YOUR TASK: Only one part of the listing is needed: the lines from the one with "BON PRIX Gold" through the last line, copied exactly and free of pictures.

*** INFORMATION PROVIDED

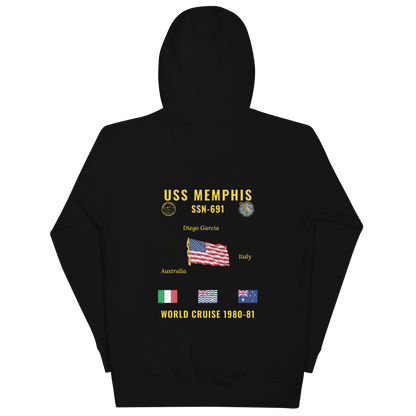 USS Memphis (SSN-691) 1980-81 World Cruise Hoodie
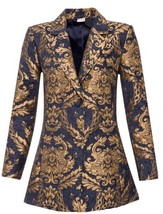 BON PRIX Gold Blue Jacquard Jacket UK 20 Plus (ccc347) - $47.82
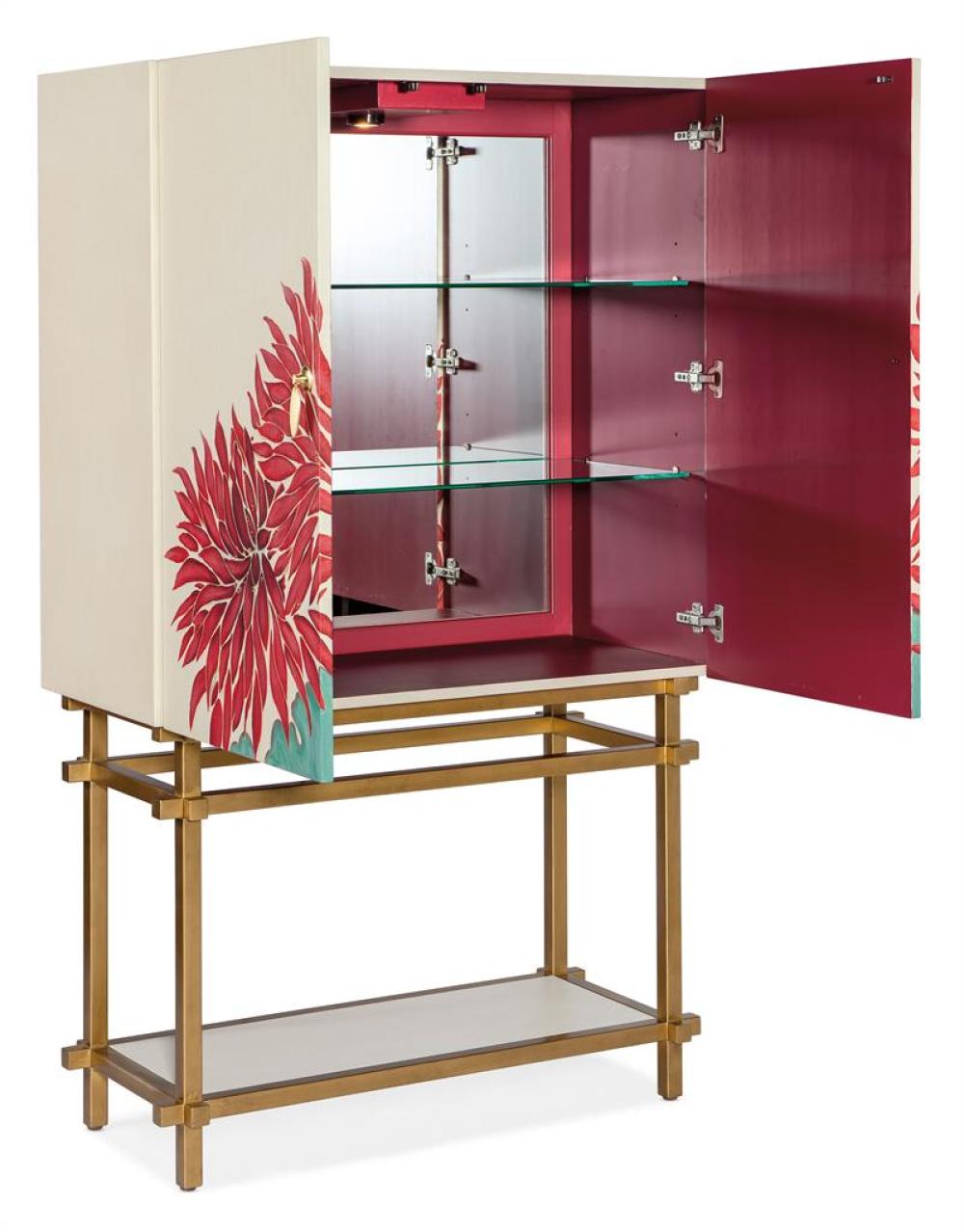 Maximalist Red & Blue Floral & Linen Wrapped Tall Luxury Bar Cabinet with Light 42 inch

******

OUTPUT:
 BON PRIX Gold Blue Jacquard Jacket UK 20 Plus (ccc347) - $47.82
 Maximalist Red & Blue Floral & Linen Wrapped Tall Luxury Bar Cabinet with Light 42 inch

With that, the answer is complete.